** Material to process follows **
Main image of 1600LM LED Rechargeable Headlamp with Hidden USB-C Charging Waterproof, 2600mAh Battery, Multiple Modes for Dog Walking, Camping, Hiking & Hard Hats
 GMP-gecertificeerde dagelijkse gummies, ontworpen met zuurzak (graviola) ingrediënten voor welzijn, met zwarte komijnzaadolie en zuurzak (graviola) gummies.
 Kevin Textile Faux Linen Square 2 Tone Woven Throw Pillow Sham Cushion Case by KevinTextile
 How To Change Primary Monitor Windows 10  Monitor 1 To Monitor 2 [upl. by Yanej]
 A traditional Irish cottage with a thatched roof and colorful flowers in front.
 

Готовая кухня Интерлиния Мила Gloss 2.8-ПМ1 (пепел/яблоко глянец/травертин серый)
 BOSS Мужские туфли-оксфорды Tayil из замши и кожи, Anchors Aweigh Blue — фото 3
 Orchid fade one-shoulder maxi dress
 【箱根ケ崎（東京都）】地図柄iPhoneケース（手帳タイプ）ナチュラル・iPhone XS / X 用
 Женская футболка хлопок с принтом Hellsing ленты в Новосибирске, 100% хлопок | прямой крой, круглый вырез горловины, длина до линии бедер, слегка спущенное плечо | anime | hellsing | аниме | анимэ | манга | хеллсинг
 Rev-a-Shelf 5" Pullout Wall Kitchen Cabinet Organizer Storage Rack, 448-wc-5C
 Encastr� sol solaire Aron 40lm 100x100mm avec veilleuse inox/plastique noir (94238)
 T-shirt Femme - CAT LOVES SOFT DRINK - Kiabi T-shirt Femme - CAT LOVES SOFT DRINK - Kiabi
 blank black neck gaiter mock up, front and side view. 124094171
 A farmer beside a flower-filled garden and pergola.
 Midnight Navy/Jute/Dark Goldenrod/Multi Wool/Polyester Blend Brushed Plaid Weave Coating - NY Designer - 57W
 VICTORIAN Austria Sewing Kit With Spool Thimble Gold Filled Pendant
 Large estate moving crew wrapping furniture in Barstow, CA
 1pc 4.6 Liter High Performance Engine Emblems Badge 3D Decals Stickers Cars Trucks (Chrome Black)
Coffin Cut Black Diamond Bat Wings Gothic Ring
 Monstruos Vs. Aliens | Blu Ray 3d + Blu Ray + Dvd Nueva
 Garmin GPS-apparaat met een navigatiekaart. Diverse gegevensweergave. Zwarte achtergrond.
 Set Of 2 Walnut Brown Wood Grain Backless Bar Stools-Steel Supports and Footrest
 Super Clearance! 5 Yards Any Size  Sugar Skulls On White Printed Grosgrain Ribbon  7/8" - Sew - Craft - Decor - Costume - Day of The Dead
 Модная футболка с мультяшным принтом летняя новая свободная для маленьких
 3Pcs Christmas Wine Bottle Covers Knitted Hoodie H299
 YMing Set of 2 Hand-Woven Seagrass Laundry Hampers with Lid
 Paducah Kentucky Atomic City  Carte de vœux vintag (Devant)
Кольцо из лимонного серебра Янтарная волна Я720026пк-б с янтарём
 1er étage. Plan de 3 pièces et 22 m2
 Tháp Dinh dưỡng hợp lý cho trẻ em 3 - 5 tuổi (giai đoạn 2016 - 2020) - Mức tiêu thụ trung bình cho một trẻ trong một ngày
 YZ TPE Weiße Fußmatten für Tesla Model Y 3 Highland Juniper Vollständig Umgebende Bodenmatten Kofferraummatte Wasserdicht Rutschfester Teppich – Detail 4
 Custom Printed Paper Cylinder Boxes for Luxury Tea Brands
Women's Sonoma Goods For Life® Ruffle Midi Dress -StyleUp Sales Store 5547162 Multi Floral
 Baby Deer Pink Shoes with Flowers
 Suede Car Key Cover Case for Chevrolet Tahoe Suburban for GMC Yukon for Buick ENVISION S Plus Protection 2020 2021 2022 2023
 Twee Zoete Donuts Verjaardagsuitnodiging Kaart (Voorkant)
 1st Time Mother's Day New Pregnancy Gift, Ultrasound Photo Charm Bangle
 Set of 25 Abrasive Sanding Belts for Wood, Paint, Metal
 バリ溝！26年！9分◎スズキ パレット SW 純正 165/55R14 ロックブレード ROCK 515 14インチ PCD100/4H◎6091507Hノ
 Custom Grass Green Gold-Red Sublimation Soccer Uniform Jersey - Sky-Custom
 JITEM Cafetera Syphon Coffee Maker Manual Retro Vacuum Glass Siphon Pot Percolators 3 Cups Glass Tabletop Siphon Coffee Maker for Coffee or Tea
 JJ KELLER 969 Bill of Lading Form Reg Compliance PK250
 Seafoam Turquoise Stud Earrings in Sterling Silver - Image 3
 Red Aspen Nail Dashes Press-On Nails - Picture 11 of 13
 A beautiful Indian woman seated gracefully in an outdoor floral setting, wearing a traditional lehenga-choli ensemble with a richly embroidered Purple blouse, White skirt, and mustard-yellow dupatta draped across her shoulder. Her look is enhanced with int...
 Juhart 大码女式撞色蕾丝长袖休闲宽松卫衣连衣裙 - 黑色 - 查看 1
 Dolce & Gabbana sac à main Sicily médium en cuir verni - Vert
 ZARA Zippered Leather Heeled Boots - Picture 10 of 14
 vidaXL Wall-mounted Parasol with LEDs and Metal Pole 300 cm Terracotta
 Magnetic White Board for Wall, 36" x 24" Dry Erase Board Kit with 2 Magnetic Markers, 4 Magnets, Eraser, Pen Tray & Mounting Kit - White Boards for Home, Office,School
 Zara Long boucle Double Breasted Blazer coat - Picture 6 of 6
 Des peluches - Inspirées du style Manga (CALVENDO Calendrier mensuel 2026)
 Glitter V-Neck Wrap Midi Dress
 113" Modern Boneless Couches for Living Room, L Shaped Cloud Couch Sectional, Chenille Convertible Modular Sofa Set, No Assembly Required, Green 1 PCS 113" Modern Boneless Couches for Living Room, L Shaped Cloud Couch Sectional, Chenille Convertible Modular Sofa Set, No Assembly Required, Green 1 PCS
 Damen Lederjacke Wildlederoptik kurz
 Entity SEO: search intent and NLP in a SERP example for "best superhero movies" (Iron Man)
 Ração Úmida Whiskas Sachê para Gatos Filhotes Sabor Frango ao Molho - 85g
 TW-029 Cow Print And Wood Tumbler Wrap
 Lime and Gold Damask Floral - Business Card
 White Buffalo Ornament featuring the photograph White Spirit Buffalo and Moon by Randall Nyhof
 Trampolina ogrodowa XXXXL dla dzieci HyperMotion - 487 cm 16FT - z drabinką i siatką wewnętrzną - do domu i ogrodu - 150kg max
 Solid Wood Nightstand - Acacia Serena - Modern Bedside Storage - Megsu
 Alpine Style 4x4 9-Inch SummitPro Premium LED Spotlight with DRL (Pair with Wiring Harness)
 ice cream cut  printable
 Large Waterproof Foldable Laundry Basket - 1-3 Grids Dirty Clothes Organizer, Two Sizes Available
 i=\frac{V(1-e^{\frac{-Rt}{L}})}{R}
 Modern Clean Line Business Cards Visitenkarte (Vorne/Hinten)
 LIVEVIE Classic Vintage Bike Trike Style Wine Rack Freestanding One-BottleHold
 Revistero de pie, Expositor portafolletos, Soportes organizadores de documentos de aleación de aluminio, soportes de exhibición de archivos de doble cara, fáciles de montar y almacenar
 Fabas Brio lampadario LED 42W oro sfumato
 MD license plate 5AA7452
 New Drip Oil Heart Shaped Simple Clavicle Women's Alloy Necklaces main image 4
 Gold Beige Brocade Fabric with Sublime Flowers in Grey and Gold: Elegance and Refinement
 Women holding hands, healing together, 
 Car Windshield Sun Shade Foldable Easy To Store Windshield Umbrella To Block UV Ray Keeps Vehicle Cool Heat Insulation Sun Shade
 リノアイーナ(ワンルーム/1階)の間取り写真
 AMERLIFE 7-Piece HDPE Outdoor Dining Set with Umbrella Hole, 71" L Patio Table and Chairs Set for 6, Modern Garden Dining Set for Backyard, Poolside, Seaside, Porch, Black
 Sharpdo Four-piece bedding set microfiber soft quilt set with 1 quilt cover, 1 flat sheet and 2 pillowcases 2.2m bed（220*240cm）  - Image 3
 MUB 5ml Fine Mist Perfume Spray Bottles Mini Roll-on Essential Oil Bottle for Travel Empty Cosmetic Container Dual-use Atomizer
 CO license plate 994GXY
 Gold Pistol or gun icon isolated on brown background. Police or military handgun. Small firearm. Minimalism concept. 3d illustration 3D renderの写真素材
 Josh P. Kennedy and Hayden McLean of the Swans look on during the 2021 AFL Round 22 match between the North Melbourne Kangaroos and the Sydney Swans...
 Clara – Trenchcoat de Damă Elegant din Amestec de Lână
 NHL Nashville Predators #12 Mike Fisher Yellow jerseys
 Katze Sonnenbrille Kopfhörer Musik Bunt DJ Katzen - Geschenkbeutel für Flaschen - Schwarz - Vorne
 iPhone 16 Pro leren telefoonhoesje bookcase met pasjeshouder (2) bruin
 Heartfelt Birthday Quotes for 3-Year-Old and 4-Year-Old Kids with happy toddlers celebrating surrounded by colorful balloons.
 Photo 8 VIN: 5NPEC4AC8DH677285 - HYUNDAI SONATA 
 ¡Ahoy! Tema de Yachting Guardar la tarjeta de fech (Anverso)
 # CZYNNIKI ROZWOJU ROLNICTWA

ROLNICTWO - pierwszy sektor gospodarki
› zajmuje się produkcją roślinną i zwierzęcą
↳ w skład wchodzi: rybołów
** End of Material to process **
• [Task goal]
Give an exact copy of the lines above from the line with "GMP-gecertificeerde dagelijkse gummies, ontworpen" up to and including the line with "blank black neck", and leave everything else out.

• [Solution for this problem]
 GMP-gecertificeerde dagelijkse gummies, ontworpen met zuurzak (graviola) ingrediënten voor welzijn, met zwarte komijnzaadolie en zuurzak (graviola) gummies.
 Kevin Textile Faux Linen Square 2 Tone Woven Throw Pillow Sham Cushion Case by KevinTextile
 How To Change Primary Monitor Windows 10  Monitor 1 To Monitor 2 [upl. by Yanej]
 A traditional Irish cottage with a thatched roof and colorful flowers in front.
 

Готовая кухня Интерлиния Мила Gloss 2.8-ПМ1 (пепел/яблоко глянец/травертин серый)
 BOSS Мужские туфли-оксфорды Tayil из замши и кожи, Anchors Aweigh Blue — фото 3
 Orchid fade one-shoulder maxi dress
 【箱根ケ崎（東京都）】地図柄iPhoneケース（手帳タイプ）ナチュラル・iPhone XS / X 用
 Женская футболка хлопок с принтом Hellsing ленты в Новосибирске, 100% хлопок | прямой крой, круглый вырез горловины, длина до линии бедер, слегка спущенное плечо | anime | hellsing | аниме | анимэ | манга | хеллсинг
 Rev-a-Shelf 5" Pullout Wall Kitchen Cabinet Organizer Storage Rack, 448-wc-5C
 Encastr� sol solaire Aron 40lm 100x100mm avec veilleuse inox/plastique noir (94238)
 T-shirt Femme - CAT LOVES SOFT DRINK - Kiabi T-shirt Femme - CAT LOVES SOFT DRINK - Kiabi
 blank black neck gaiter mock up, front and side view. 124094171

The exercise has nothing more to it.